WebAssembly SIMD
Overview
ICP supports deterministic WebAssembly SIMD support. This is a significant milestone for smart contracts demanding top on-chain performance, such as artificial intelligence (AI), image processing (NFTs), games, scientific decentralized applications (dapps), and more.
However, a significant performance boost is also possible for "classical" blockchain operations implemented in canisters. For example, reward distribution or cryptographic operations might benefit from the new WebAssembly SIMD instructions.
What is WebAssembly SIMD?
WebAssembly SIMD (single instruction, multiple data) is a set of more than 200 deterministic vector instructions defined in the WebAssembly core specification. This parallel processing significantly accelerates specific tasks within canisters running on ICP.
The SIMD functionality is available on every ICP node.
Developer benefits
WebAssembly SIMD support enables a new level of performance on ICP. Developers can:
- Optimize code for computationally heavy tasks: Identify areas within their canisters that can benefit from SIMD instructions and tailor their code for accelerated performance.
- Unlock new possibilities: Explore novel functionalities and complex applications that were previously limited by processing power.
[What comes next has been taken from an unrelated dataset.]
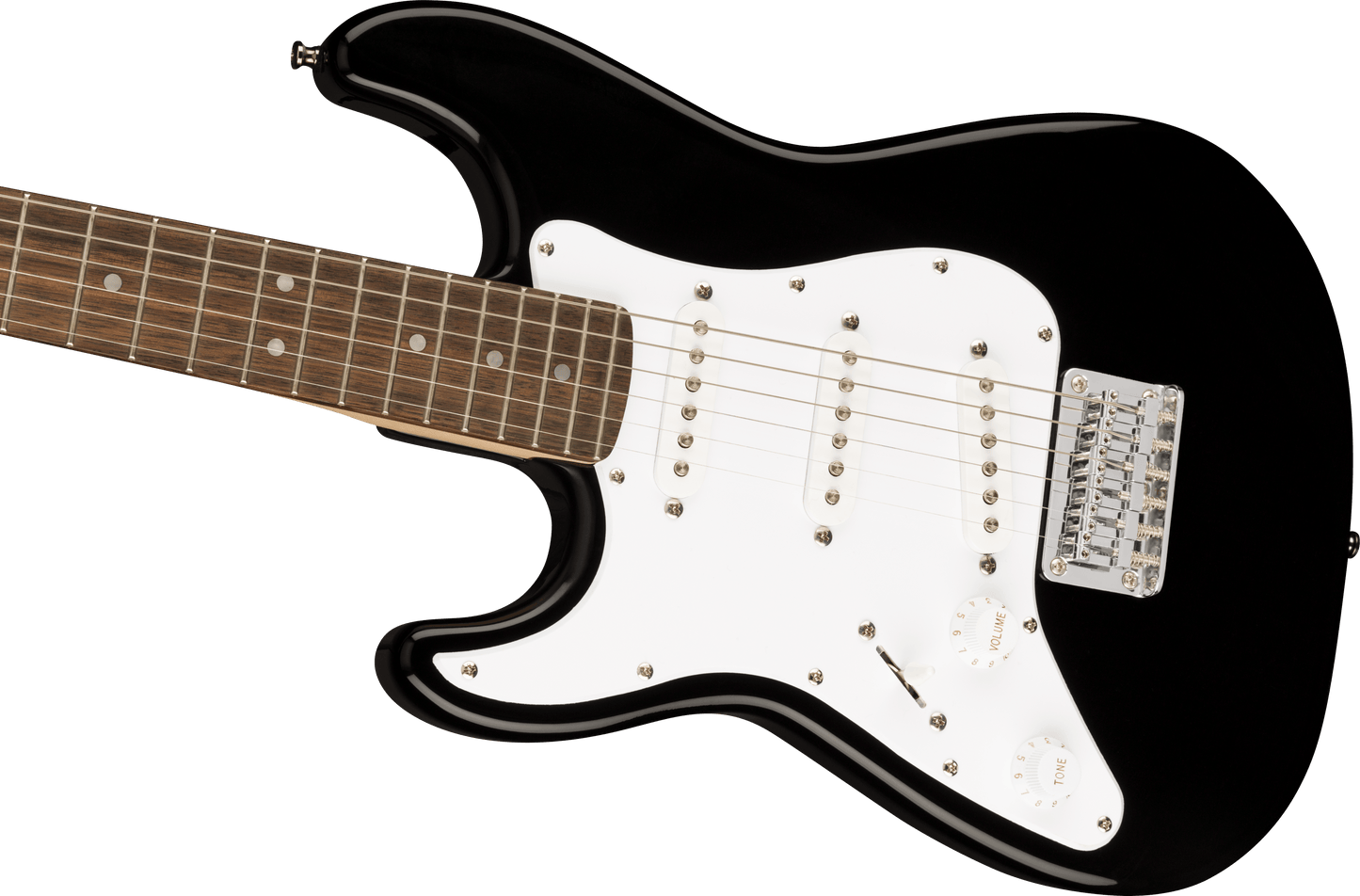 Squier Mini Stratocaster Electric Guitar Left Handed 3/4 Size - Black-ELECTRIC GUITAR-Joondalup Music Centre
- Build a future-proof foundation: Positions developers at the forefront of blockchain innovation.
Using WebAssembly SIMD
There are two main ways to benefit from WebAssembly SIMD in a smart contract:
Loop auto-vectorization: Just enabling the WebAssembly SIMD and recompiling the project might be enough to get a significant performance boost. This is usually simple, error-proof, and can be a one-line change. This is often the recommended first step, but the result depends heavily on the used algorithms, libraries, and compilers.
SIMD intrinsics: Some computation-heavy functions may be rewritten using direct SIMD instructions. This exposes the full SIMD potential, but in many cases some core canister algorithms must be completely rewritten using new instructions.
Using loop auto-vectorization
To leverage the loop auto-vectorization, the WebAssembly SIMD instructions should be enabled globally for the entire workspace, or locally for specific functions within the canister. Once the instructions are available to the compiler, it automatically converts some normal loops into loops with parallel computations.
While the change is easy and error-proof, the result in practice depends on many factors, like the algorithm itself, the compiler optimization level and options, project dependencies, etc.
Example
To enable WebAssembly SIMD instructions globally for the whole workspace and all its dependencies:
- Rust
Create the `.cargo/config.toml` file with the following content:
[build]
target = ["wasm32-unknown-unknown"]
[target.wasm32-unknown-unknown]
rustflags = ["-C", "target-feature=+simd128"]
To enable WebAssembly SIMD instructions just for a specific function within a canister:
- Rust
#[target_feature(enable = "simd128")]
fn auto_vectorization() {
...
}
WebAssembly SIMD instructions may be enabled by default in future dfx
versions, so enabling it for a specific function within a canister might have no effect.
Using WebAssembly SIMD intrinsics
WebAssembly SIMD instructions are available as platform-specific intrinsics for the wasm32
platform. To use the intrinsics, the WebAssembly SIMD instructions should be enabled as described in the previous section.
Example
Here's a short code snippet demonstrating how to multiply two arrays of four float elements each using a single SIMD instruction:
- Rust
#[inline(always)]
#[target_feature(enable = "simd128")]
pub fn mul4(a: [f32; 4], b: [f32; 4]) -> [f32; 4] {
use core::arch::wasm32::*;
// Load the arrays `A` and `B` into the SIMD registers.
let a = unsafe { v128_load(a.as_ptr() as *const v128) };
let b = unsafe { v128_load(b.as_ptr() as *const v128) };
// Multiply elements of `A` and `B` using a single SIMD instruction.
let c = f32x4_mul(a, b);
// Store and return the result.
let mut res = [0.0; 4];
unsafe { v128_store(res.as_mut_ptr() as *mut v128, c) };
res
}
Frequently asked questions
How to measure performance speedup of a canister?
ICP provides the ic0.performance_counter
system API call to measure a canister's performance.
There is also the canbench
benchmarking framework.
Are there any libraries for artificial intelligence (AI) inferences?
The Sonos tract
is a tiny, self-contained, Tensorflow and ONNX inference Rust library. DFINITY contributed WebAssembly SIMD support to the library. The library is used in some DFINITY AI demos and examples.
References and examples
- WebAssembly SIMD Rust example compares the performance of a naive, optimized, auto-vectorized and SIMD intrinsic matrix multiplication running on ICP.
- WebAssembly core specification for SIMD instructions.